Sotheby’s had given guarantees to the art owners and failed to sell above these. As it had to eat the losses, Sotheby stocks lost 40% of their value.
This is certainly a sign that even people with lots of money are holding back. The next bubble to burst is the British housing market. The Chinese stock market, while still in an upswing, doesn’t look healthy either. Besides commodities, everything is poised to go down.
But back to the Dollar. It has to fall further but should fall more against the Yen and the Yuan than against the Euro. There are political reasons why this is not happening.
China is not pleased with the U.S. behavior in the world, especially in Iran, Pakistan and Sudan where it has interests. It certainly has no sympathies that would allow for a solid deal on exchange rates.

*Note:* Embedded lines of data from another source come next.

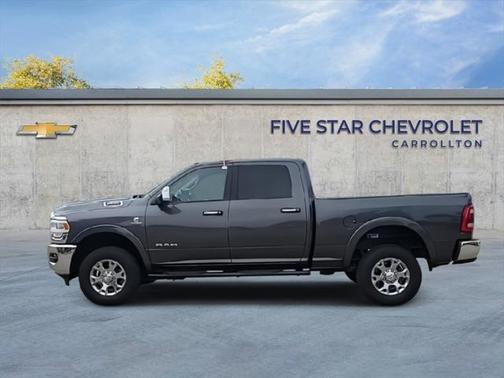 2022 RAM 2500 Laramie Crew Cab 4x4 6'4' Box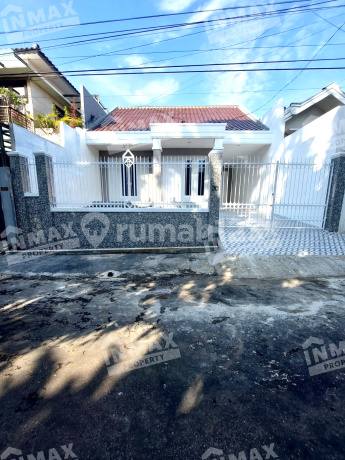 Many Bedrooms House, Minimalist Strategic Location in Puncak Dieng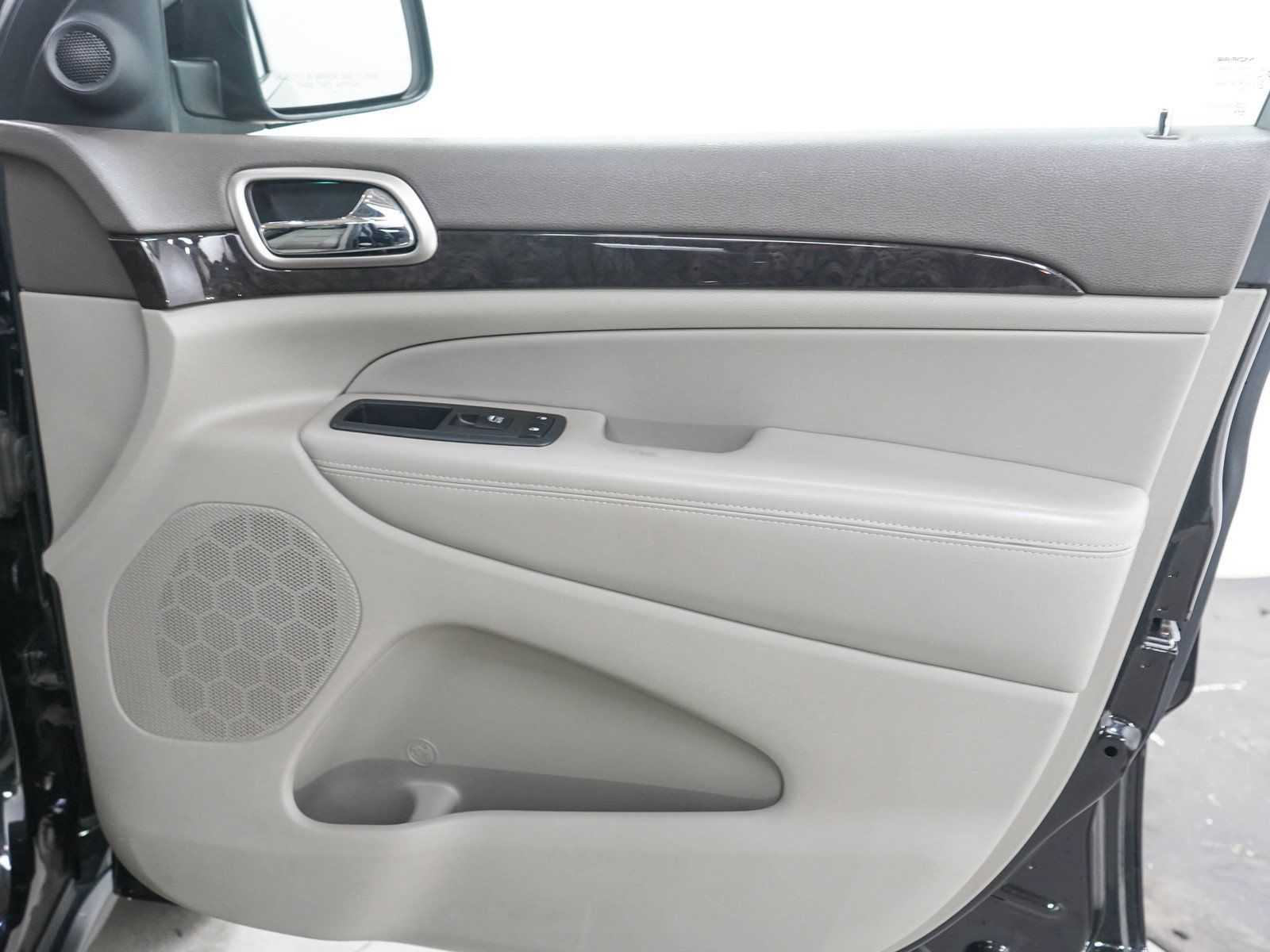 Used 2013 Jeep Grand Cherokee Laredo AWD/4WD image 12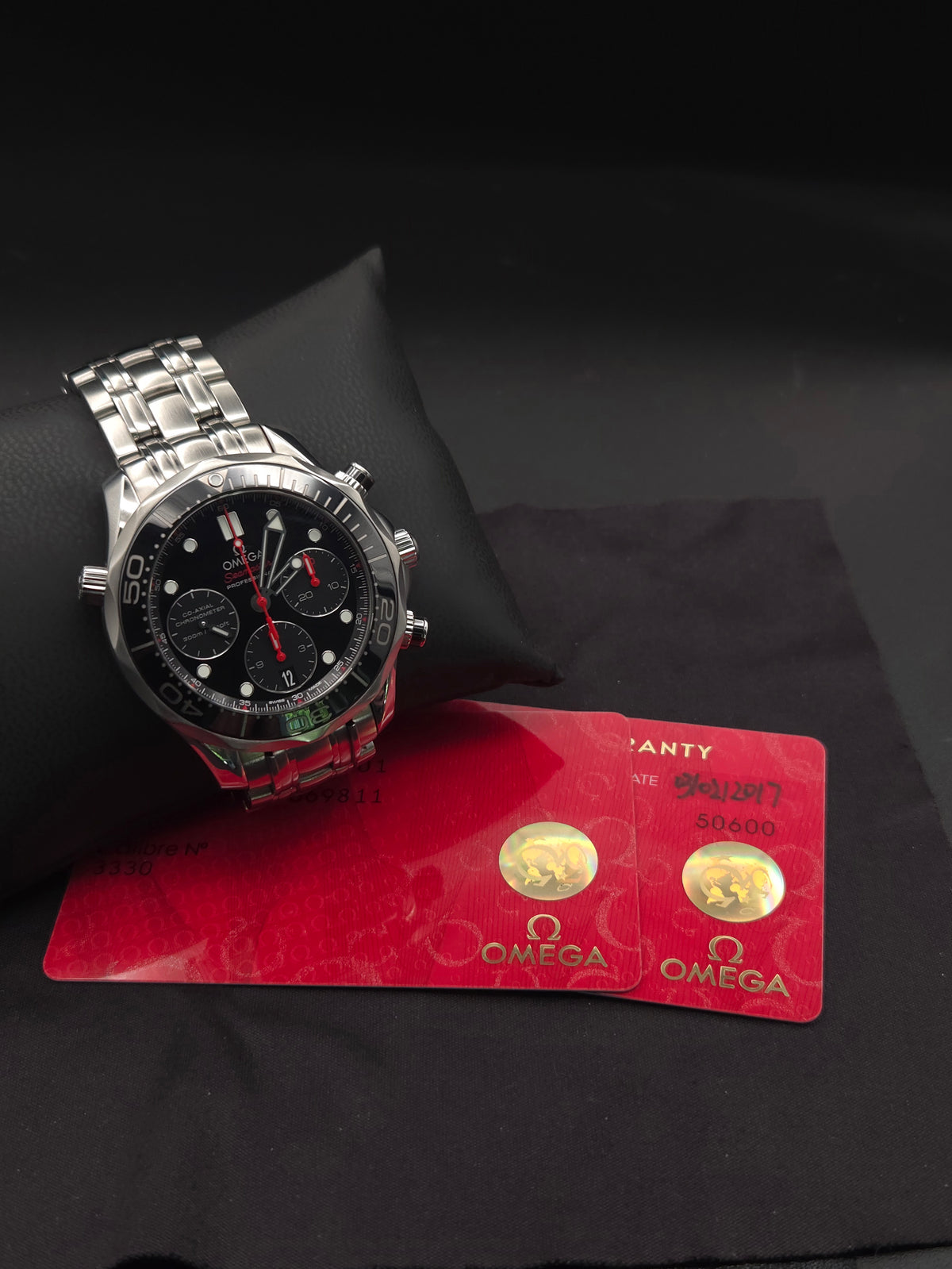 Omega Seamaster Diver 300M Chronograph 41.5mm Black Ceramic Ref. 212.30.42.50.01.001 (Warranty & Pictograms Card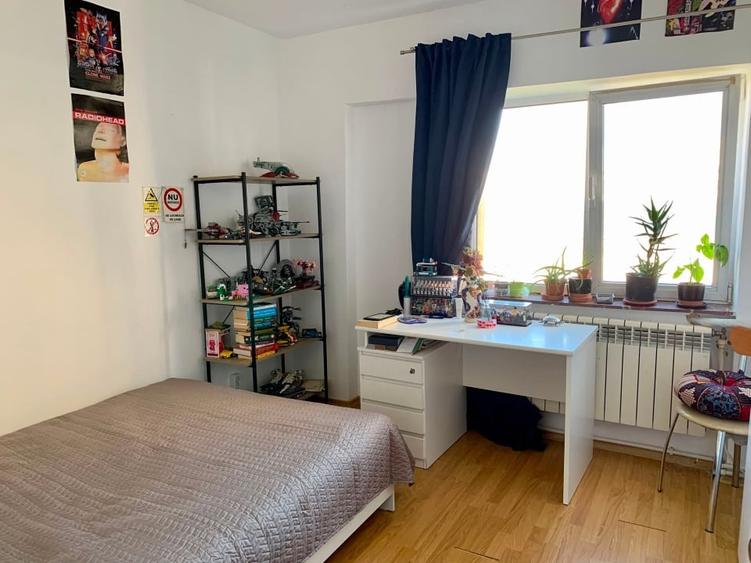 Apartament cu 3 camere decomandat în Podul de Fier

Japan has bad experience with the last big Dollar fall. In 1985 it got screwed in a similar situation. The Dollar was overvalued and in the Plaza Accord big money nations agreed and pressed the Japanese to let it fall. The Yen doubled in value over a short time which led to an asset price bubble in Japan. When that bubble burst, fifteen years of relative economic misery followed.
For now the Euro, CanDo, Pound and other ‘western’ currencies and their economies will have to take the burden of the falling Dollar. At a certain point, like when €1 will cost $1.50, the ECB may try to intervene alone but not in a serious way. This could lead to a short term counter rally in the Dollar markets but can only be sustained for a few weeks.
Through its behavior, the U.S. has lost credit in the world. This also in a very monetary sense. The Dollar will therefor fall further and its time as primary reserve currency may be over. The pains of the popping bubbles get socialized to the consumers in the U.S. and elsewhere.